Data for review ▸
┌────────

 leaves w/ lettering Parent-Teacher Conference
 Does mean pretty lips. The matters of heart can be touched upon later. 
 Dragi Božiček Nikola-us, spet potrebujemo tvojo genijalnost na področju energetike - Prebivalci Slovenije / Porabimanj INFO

└────────
┌────────

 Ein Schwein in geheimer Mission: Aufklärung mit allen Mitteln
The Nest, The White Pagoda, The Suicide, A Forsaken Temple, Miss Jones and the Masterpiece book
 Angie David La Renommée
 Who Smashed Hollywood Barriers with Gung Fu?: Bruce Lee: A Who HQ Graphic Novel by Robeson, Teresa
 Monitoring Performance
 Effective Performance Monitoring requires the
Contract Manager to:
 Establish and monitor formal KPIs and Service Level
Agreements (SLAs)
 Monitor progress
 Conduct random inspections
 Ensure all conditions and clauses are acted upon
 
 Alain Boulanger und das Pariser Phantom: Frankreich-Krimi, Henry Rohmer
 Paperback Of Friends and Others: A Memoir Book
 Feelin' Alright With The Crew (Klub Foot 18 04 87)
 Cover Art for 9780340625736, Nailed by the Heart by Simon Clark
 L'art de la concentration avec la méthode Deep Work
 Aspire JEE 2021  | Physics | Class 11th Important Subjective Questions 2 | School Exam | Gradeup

└────────
┌────────

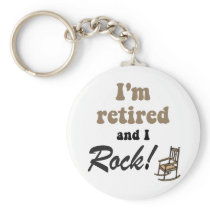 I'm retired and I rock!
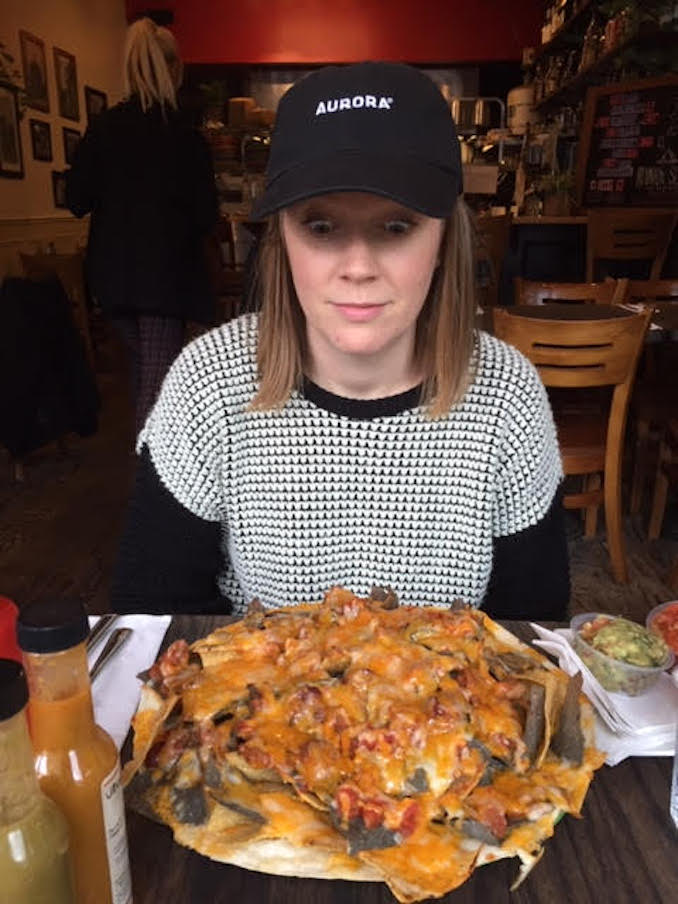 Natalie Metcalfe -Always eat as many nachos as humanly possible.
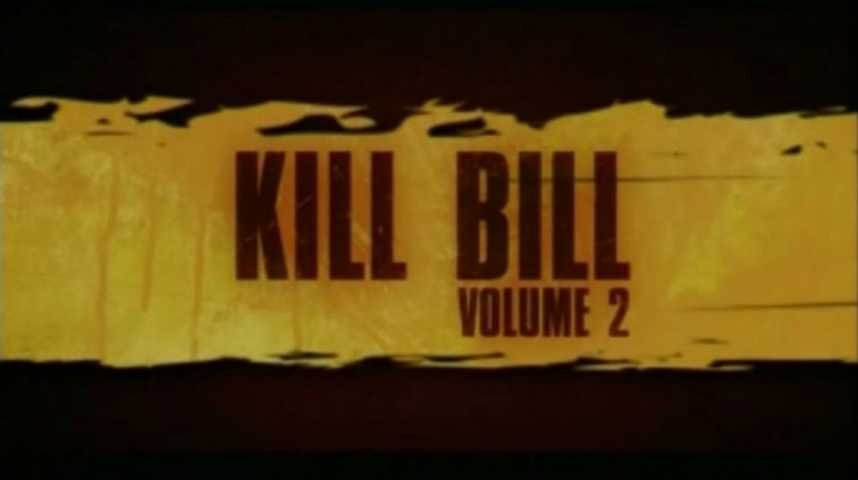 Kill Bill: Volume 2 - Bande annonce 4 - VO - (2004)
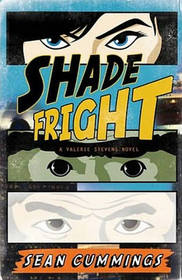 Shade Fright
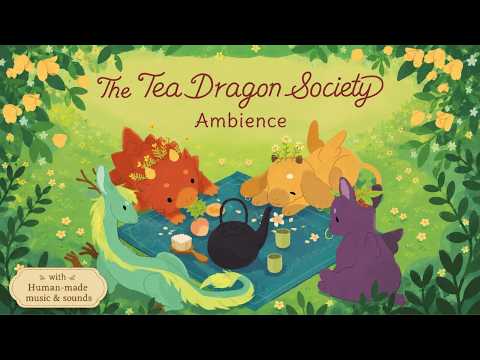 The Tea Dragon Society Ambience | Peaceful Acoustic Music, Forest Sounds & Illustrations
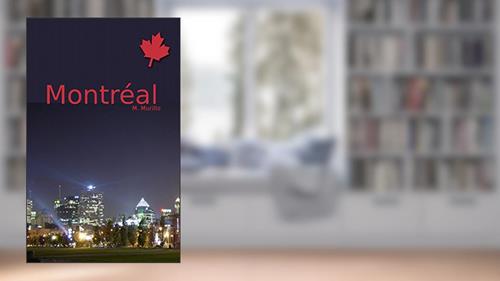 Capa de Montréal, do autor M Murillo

└────────

Exercise instructions ▸ Return each line of the data above that includes the word "Performance".

Response ▸
 Monitoring Performance
 Effective Performance Monitoring requires the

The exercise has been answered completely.